# Transfer learning, finetune VGG16

## 1. Why VGG16

VGG16 is a convolutional neural network model proposed by K. Simonyan and A. Zisserman from the University of Oxford in the paper "Very Deep Convolutional Networks for Large-Scale Image Recognition". It is one of the most popular pre-trained models for image classification tasks.

### Key Features of VGG16
1. Architecture: VGG16 is a convolutional neural network model proposed by K. Simonyan and A. Zisserman from the University of Oxford in the paper "Very Deep Convolutional Networks for Large-Scale Image Recognition".<br>
2. Layers: It has 16 layers with learnable weights, including 13 convolutional layers and 3 fully connected layers.<br>
3. Pre-trained Weights: The model is pre-trained on the ImageNet dataset, which contains 1.2 million images and 1000 classes.<br>
4. Usage: It is widely used for image classification tasks and can be fine-tuned for specific tasks such as brain tumor classification.

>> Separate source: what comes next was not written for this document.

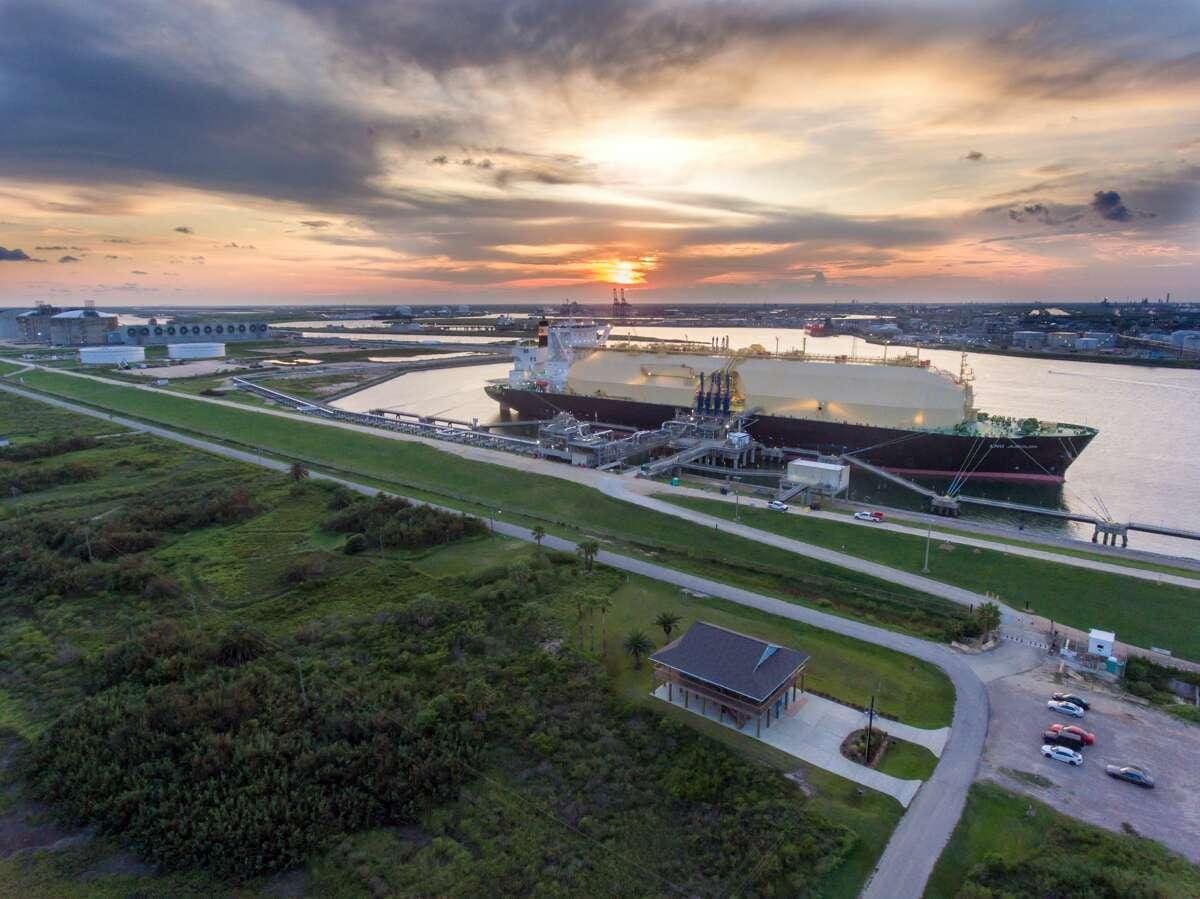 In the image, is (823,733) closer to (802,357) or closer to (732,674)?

## 2. Finetune VGG16 for brain tumor classification task

### 2.1 Preprocessing data

In [1]:
import cv2
import os
import random
import numpy as np
import tensorflow as tf
from sklearn.preprocessing import StandardScaler
from tensorflow import keras
from sklearn.svm import SVC
from sklearn.metrics import classification_report, accuracy_score
from keras.utils import normalize
from PIL import Image
from sklearn.model_selection import train_test_split

In [2]:
seed = 99
tf.random.set_seed(seed)
np.random.seed(seed)
random.seed(seed)

#### Reading and nomalize dataset

In [3]:
no_dir = os.listdir('./data_no/data_no/NO/')
yes_dir = os.listdir('./data_yes/data_yes/YES/')
data_set,label = [],[]
for i,cur_img_dir in enumerate(no_dir):
    #check type of image
    if cur_img_dir.split('.')[1]=='jpg':
        img = cv2.imread('./data_no/data_no/NO/'+cur_img_dir)
        img = Image.fromarray(img,'RGB')
        img = img.resize((64,64))
        data_set.append(np.array(img))
        label.append(0)
for i,cur_img_dir in enumerate(yes_dir):
    #check type of image
    if cur_img_dir.split('.')[1]=='jpg':
        img = cv2.imread('./data_yes/data_yes/YES/'+cur_img_dir)
        img = Image.fromarray(img,'RGB')
        img = img.resize((64,64))
        data_set.append(np.array(img))
        label.append(1)

In [4]:
data_set = np.array(data_set)
label = np.array(label)

#### Splitting the data into training and testing

In [5]:
x_train,x_test,y_train,y_test = train_test_split(
    data_set,label,
    test_size=0.2,
    random_state=99
    )
x_train,x_val,y_train,y_val = train_test_split(
        x_train,y_train,
    test_size=0.25,
    random_state=9
)

In [6]:
print(f'X train shape: {x_train.shape}\nY train shape: {y_train.shape}\nX test shape: {x_test.shape}\nY test shape: {y_test.shape})')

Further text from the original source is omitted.